Не случайно же фигуры и пешки кажутся нам порой наделенными чертами человеческого характера, выглядят то смелыми прямо-таки до нахальства, то застенчивыми, то хитрыми, то простоватыми и т. д. и т. п. Честное слово, иногда кажется, что у той или иной фигуры в определенных ситуациях есть даже чувство юмора, а ведь, говорят, именно это чувство отличает человека от животного…
Рассуждая о шахматах, писатель Николай Атаров вспоминал:
«Я иногда так бывал увлечен, что мне снились ночами некоторые эпизоды борьбы… Просыпаясь, я не всегда умел восстановить свой сумасшедший маневр с великолепной жертвой. Но образ ферзя, ворвавшегося в тесные ряды противника, живет в моей душе до сих пор, наполняя ее чувством некоего подвига, – он точно в неравном бою дрался с мечом в деснице, мой отважный ферзь, мое второе «я»…»
Мне кажется, что два поражения от самого молодого, пусть и необычайно талантливого шахматиста, в ту пору еще мастера, больно хлестнули по самолюбию Смыслова. Что ж, значит он действительно ветеран – и по возрасту, и по силе игры – и не зря его определили в сборную старшего поколения?

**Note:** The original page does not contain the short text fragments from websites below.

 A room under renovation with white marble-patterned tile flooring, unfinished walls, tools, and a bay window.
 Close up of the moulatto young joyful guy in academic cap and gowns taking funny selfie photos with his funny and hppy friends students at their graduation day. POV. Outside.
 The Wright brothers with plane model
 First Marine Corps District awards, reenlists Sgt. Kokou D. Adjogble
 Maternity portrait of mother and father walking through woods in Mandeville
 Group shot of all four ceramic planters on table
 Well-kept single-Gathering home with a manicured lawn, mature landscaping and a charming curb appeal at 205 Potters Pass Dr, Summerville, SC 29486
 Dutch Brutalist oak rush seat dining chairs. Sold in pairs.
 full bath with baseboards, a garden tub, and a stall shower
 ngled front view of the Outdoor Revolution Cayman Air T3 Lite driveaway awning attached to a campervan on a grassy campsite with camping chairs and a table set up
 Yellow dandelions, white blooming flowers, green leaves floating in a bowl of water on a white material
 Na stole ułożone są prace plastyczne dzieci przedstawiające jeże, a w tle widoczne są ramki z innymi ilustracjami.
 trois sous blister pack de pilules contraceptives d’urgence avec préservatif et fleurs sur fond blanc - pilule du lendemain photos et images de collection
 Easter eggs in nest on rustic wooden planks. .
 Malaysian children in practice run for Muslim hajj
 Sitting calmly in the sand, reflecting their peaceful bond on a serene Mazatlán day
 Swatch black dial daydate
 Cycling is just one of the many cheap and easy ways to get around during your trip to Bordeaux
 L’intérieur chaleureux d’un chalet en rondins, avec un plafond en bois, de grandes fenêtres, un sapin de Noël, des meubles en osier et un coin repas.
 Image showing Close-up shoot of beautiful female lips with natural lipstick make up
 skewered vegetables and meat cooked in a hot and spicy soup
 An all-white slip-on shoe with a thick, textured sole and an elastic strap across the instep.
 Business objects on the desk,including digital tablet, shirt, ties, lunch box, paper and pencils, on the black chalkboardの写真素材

Смыслов, наверное, должен быть благодарен Каспарову – именно после командного матч-турнира в нем с прежней страстью забурлило шахматное честолюбие. Он блистательно выступил в московском турнире гроссмейстеров 1981 года, а в межзональном турнире 1982 года в Лас-Пальмасе добился выхода в соревнование претендентов – такого случая, чтобы претендентом становились в 61 год, история шахмат не знает; наконец, закончил вничью матч с одним из сильнейших гроссмейстеров Запада Робертом Хюбнером, а в полуфинальном матче победил Золтана Рибли. Только тот же Каспаров преградил ему путь к борьбе за трон.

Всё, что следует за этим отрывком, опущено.